Apparently (I haven’t read the papers) Goldston-Pintz-Yildirim approach the pseudorandomness of primes by looking at “higher moments.” Green and Tao have been working on a different program based on studying the “Gowers uniformity” of the primes. (Technically, they study the Gowers uniformity of the Mobius function rather than of the characteristic function of the primes, but it’s close enough in spirit.)

In the paper Quadratic Uniformity of the Mobius Function they show that the primes have small dimension-3 Gowers uniformity, and, together with their earlier result on Gowers uniformity and polynomials, this is used in a new paper to prove that the predictions of the Hardy-Littlewood conjecture hold for every question about linear equations over primes of “bounded complexity.” For example, if you write certain pairs of linear equations over four prime unknowns, then the fraction of solutions will be as predicted by the limit of the random model. This includes the case of length-4 arithmetic progressions over primes, where you look at solutions p1,p2,p3,p4 to the equations p4-p3=p3-p2 and p3-p2=p2-p1.

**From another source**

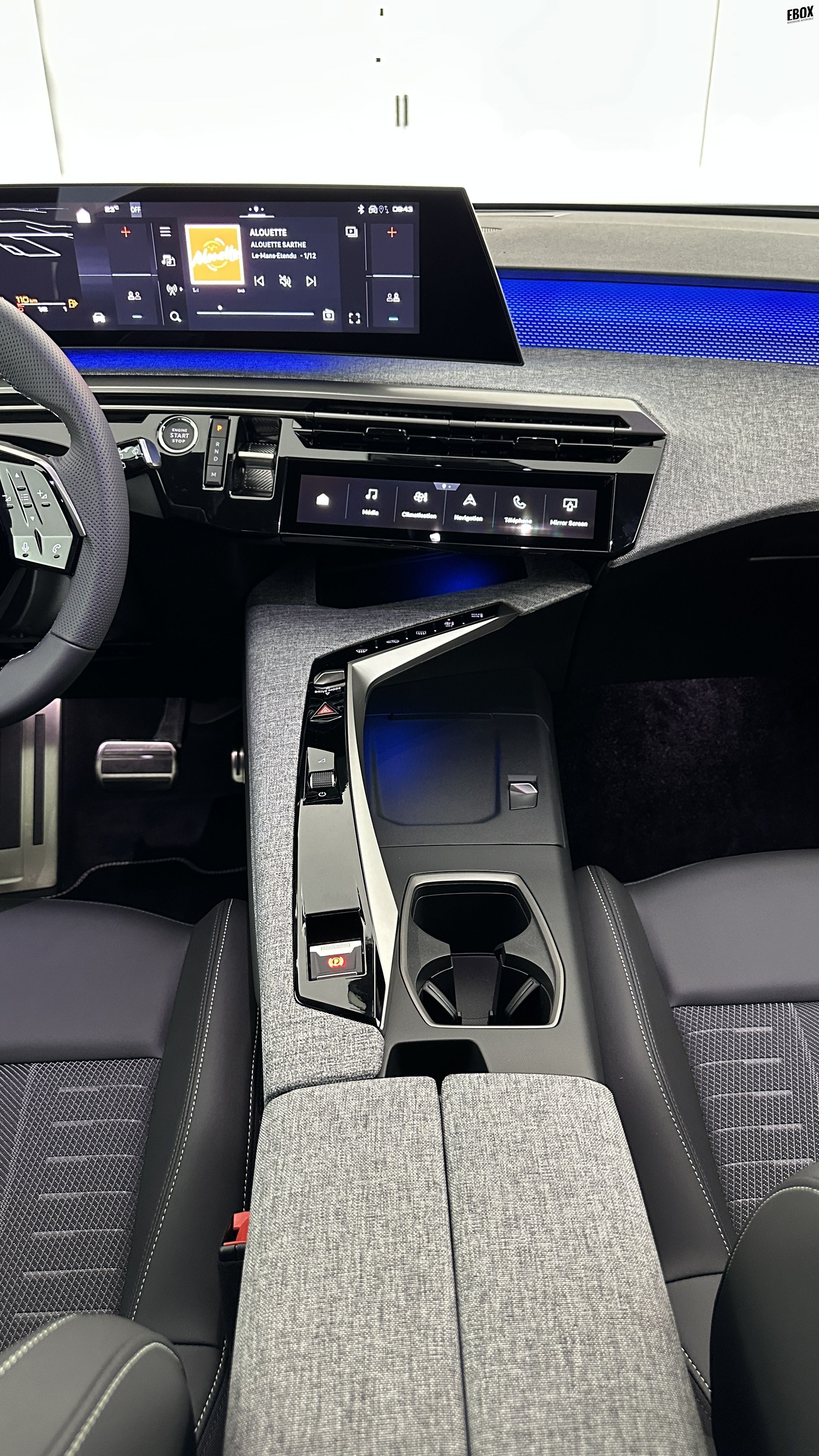 GLI00002278_p53 - PEUGEOT - 5008 - 2025 - photo 17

These results and conjectures are part of an even bigger set of results whose spirit is that “multiplicative structure is pseudorandom with respect to addition,” that can be seen in various results that have applications to combinatorial constructions. This comes up most directly in sum-product results in finite fields and over the integers, used to construct extractors, in Weil’s result on character sums, which is used to construct $\epsilon$-biased generators, in certain expander constructions related to Ramanujan graphs, and so on.

It is hard to believe that, until recently, analytic number theory was considered an unfashionable area, what with its quantitative results and its lack of connections to algebraic geometry. For example, I understand that the Berkeley math department, which is quite large, has no analytic number theorist.